# Prompt
Only the lines below between the one holding "butterfly on a withe flower" and the one holding "A purple flower and green leaves.", inclusive, are to be reproduced word for word; the pictures are to be left out.

# Input records
········

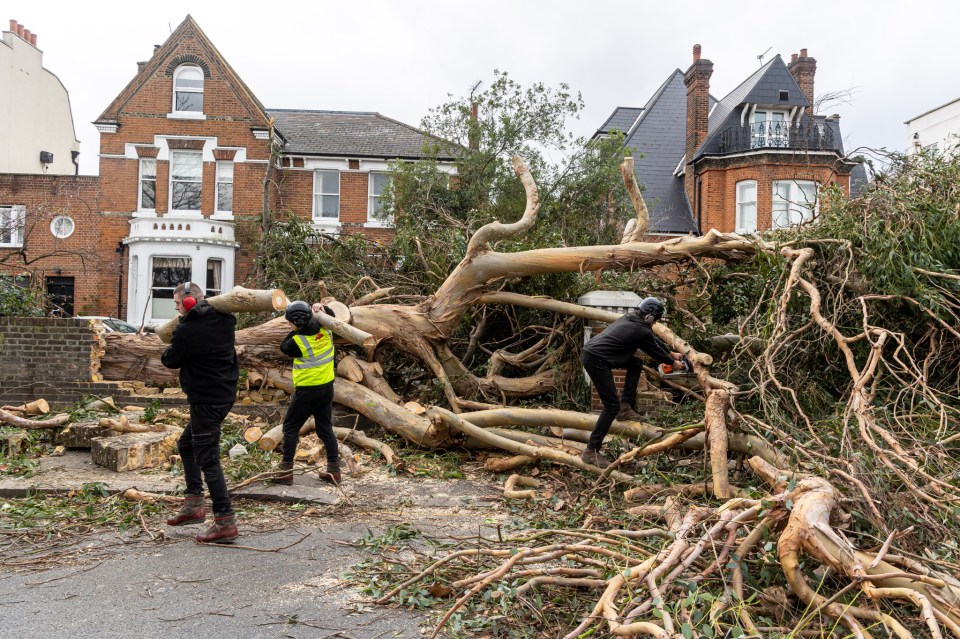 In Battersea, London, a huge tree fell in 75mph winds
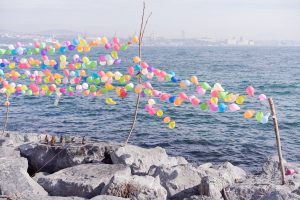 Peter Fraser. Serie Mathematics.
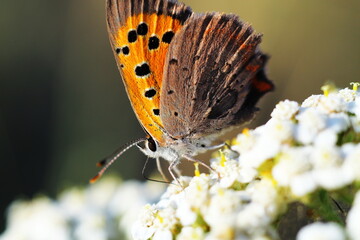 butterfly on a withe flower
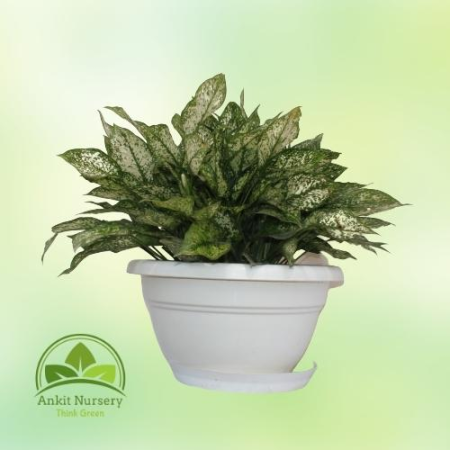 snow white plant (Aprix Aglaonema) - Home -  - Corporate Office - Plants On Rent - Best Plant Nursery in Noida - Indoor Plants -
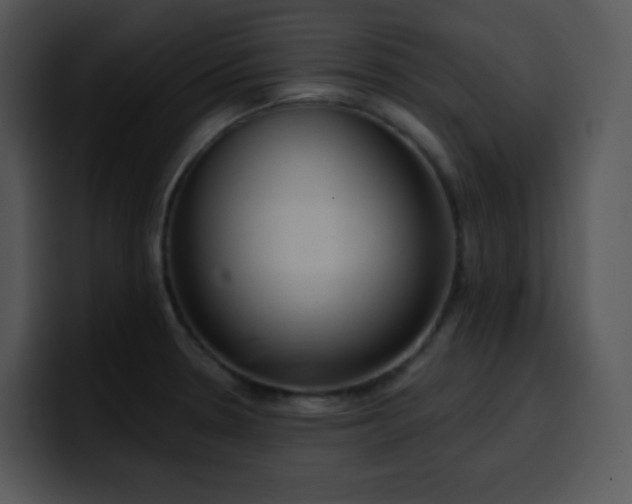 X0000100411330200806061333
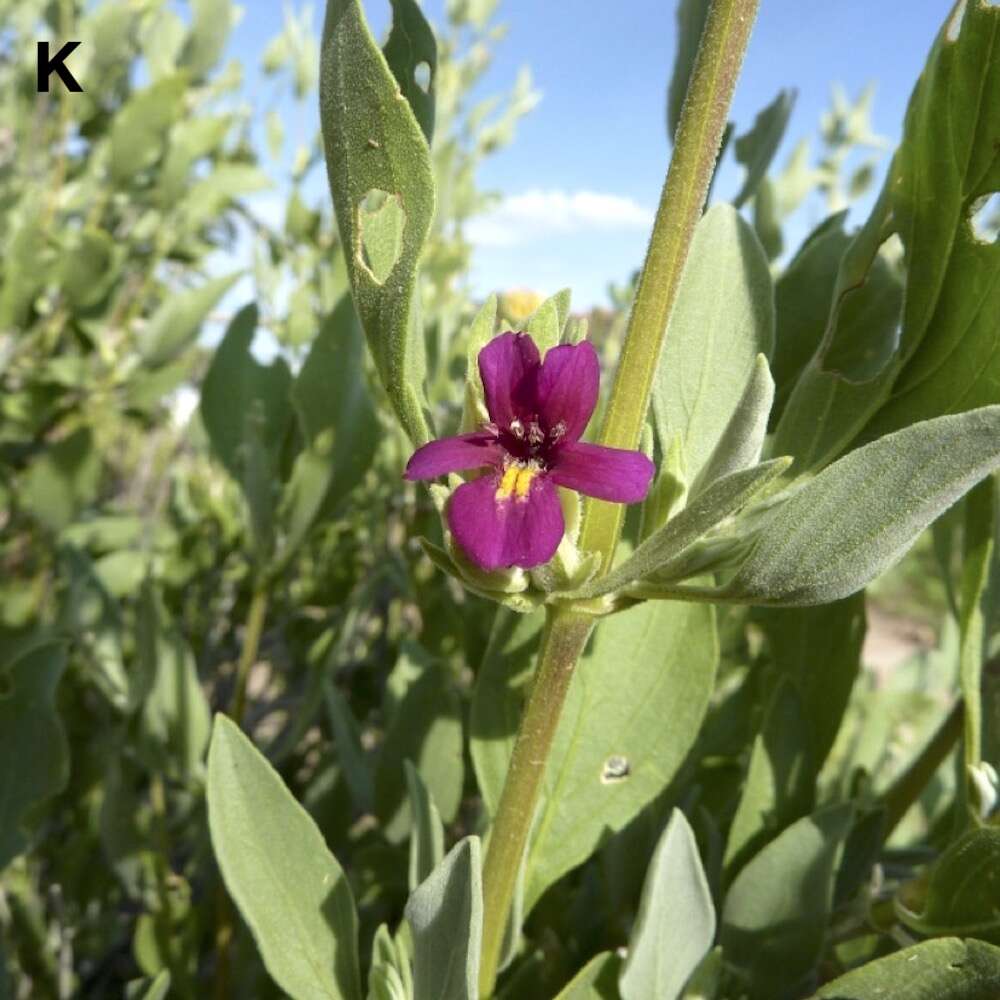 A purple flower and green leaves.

········

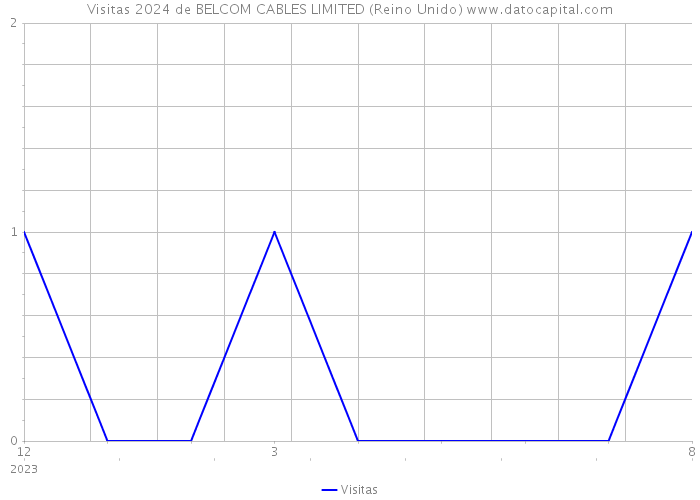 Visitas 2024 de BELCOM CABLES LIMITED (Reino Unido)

········

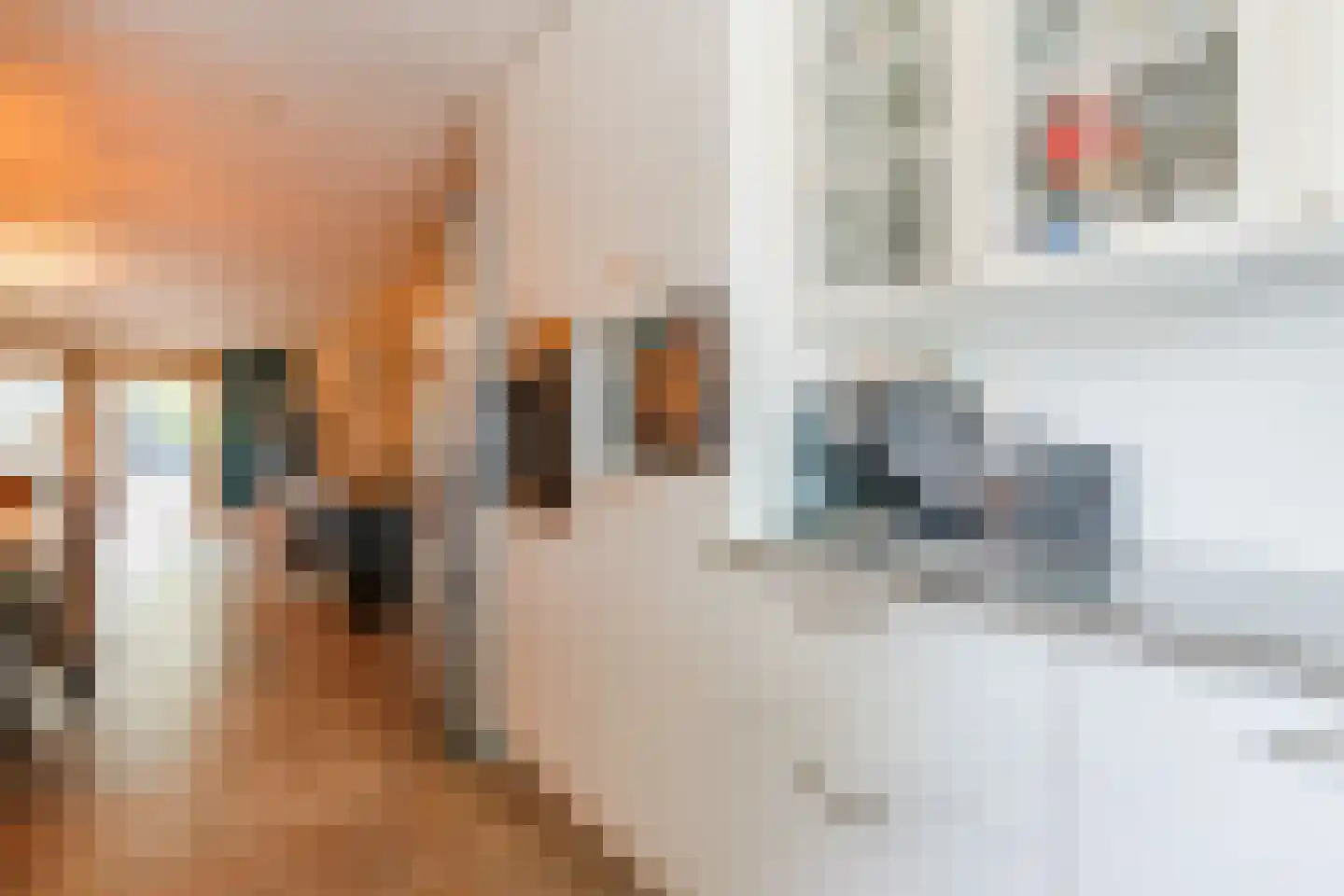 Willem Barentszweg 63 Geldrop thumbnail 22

········

# Problem solution
 butterfly on a withe flower
 snow white plant (Aprix Aglaonema) - Home -  - Corporate Office - Plants On Rent - Best Plant Nursery in Noida - Indoor Plants -
 X0000100411330200806061333
 A purple flower and green leaves.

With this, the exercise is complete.